Available data:
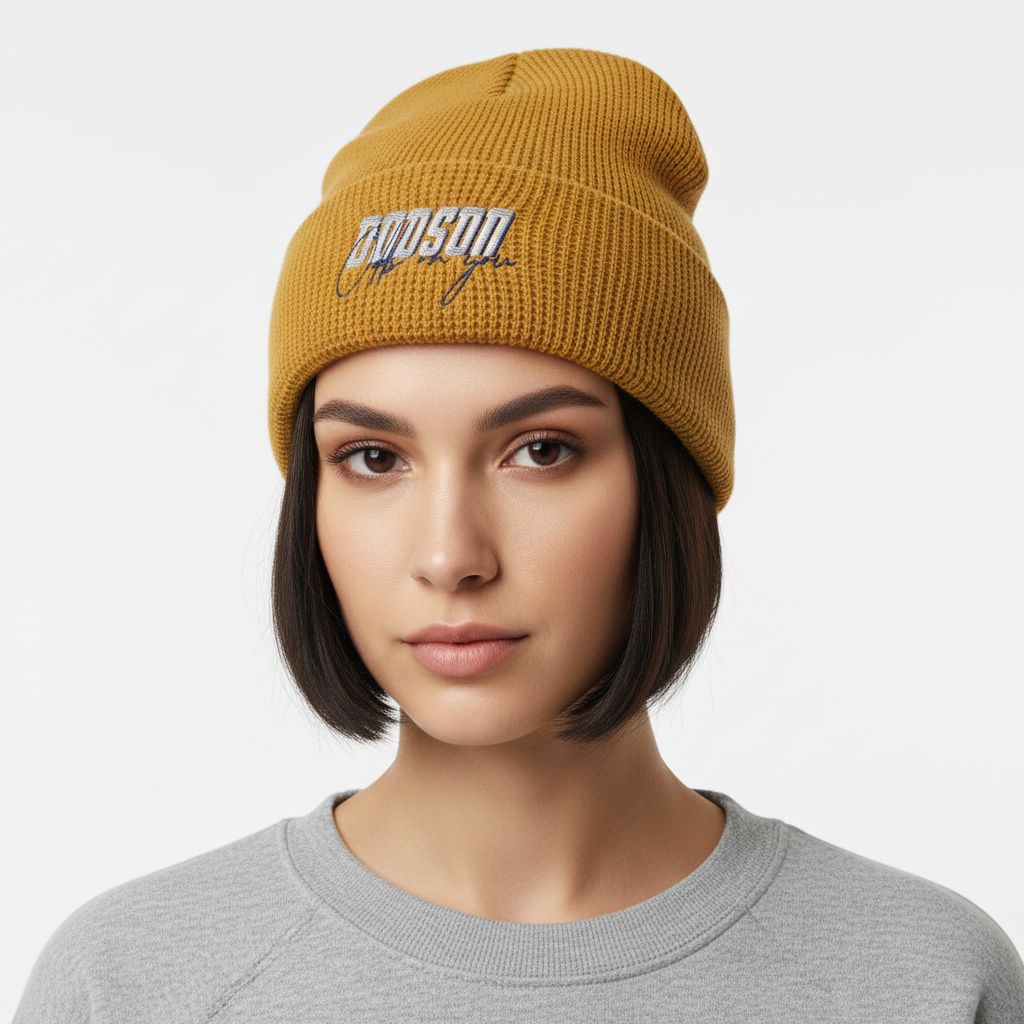 Camel Waffle Beanie Look 4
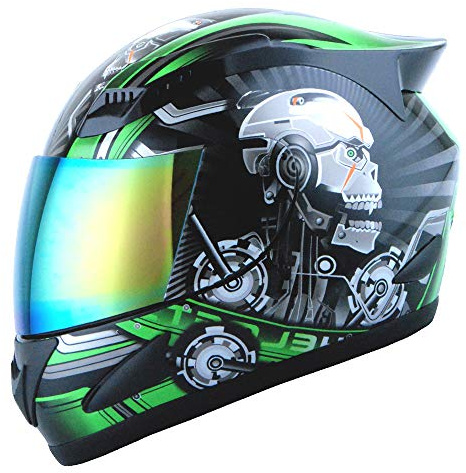 1Storm Motorcycle Bike Full FACE Helmet Mechanic Skull - Tinted Visor Green Size XL (59-60 CM 23.2/23.4 Inch)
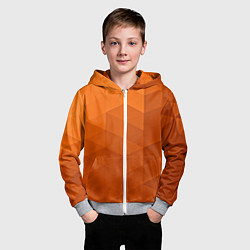 Толстовка на молнии детская Orange abstraction, цвет: 3D-меланж — фото 2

What needs to be done: When you copy the data, keep every line exact and leave out each picture.

Task result:
 Camel Waffle Beanie Look 4
 1Storm Motorcycle Bike Full FACE Helmet Mechanic Skull - Tinted Visor Green Size XL (59-60 CM 23.2/23.4 Inch)
 Толстовка на молнии детская Orange abstraction, цвет: 3D-меланж — фото 2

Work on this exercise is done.